Smith looked headed for the Open exit gates after posting a second successive lacklustre one-over-par round on Melbourne's sandbelt.
The superstar world No.3 was languishing in a share of 82nd position when he walked off Kingston Heath on Friday morning, seemingly resigned to missing the cut.
"That was pretty rubbish out there today," he said after mixing four birdies with five bogeys.
"I was just really uncomfortable all day, kind of similar to yesterday. I just couldn't quite hit the ball out the middle of the club face for some reason.
"My mind was a little bit foggy, obviously a little bit tired as well.
"But I need to play better than that, even when I am tired. It's probably the easiest this place is going to get."
After an uncertain six-hour wait, Smith learnt he'd climbed the leaderboard sufficiently to earn a Saturday tee slot right on the two-over cut number.
But, sitting 10 shots adrift of co-leaders Adam Scott and David Micheluzzi, Smith still needs a minor miracle to complete the Australian PGA Championship-Open double.

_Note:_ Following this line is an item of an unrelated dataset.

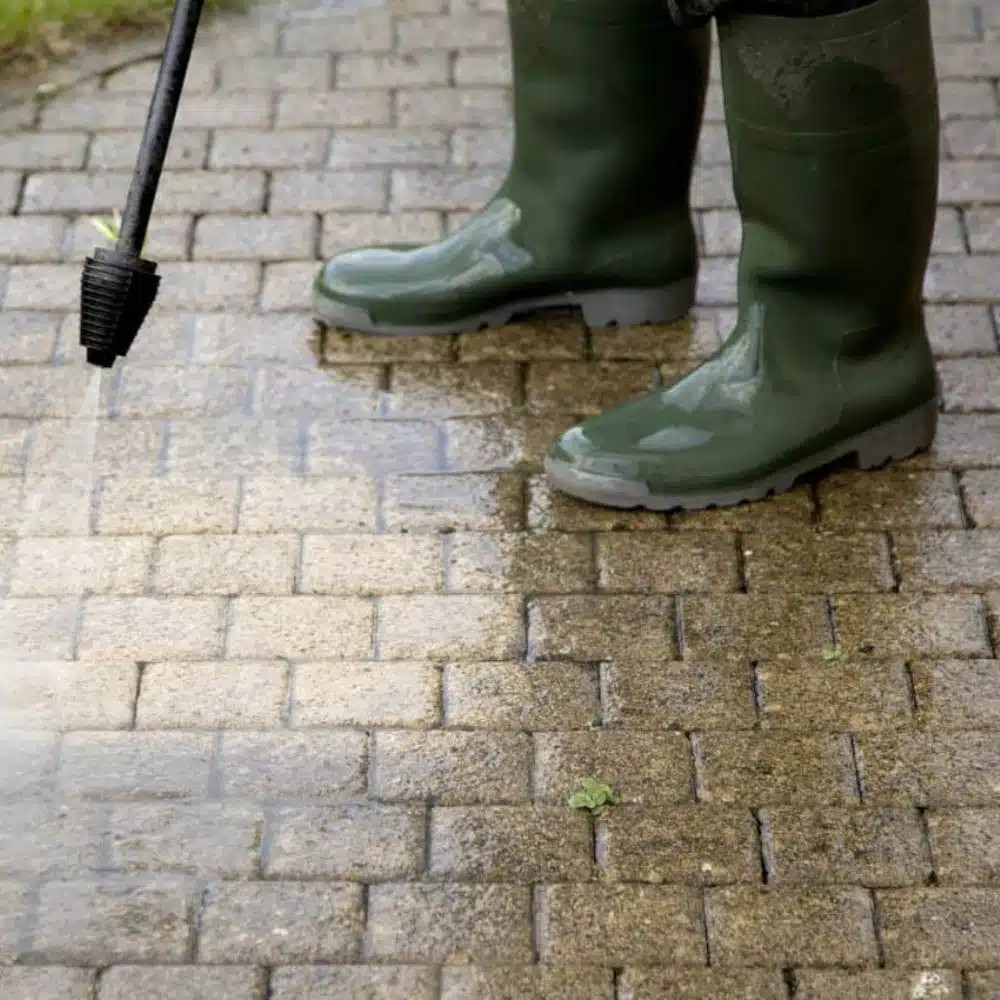 Local Pressure Washing Companies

His more immediate concern will be surviving the new Saturday second cut of top 30 players and ties, introduced this year to free up enough final-round fairway space for the women's event being staged simultaneously.
Before departing on Friday, Smith blamed mental fatigue for his ho-hum showing this week following a wildly successful but sapping 2022 campaign.
"I can't wait for sleep. I've played a lot more golf than I thought I would have at the start of the year," he said.
"I'm looking forward to four or five weeks off here and just kind of mentally reset.
"I think the brain has been going pretty hard the last few months so, yeah, it'd be good time to sit down on the beach somewhere and have a few margaritas."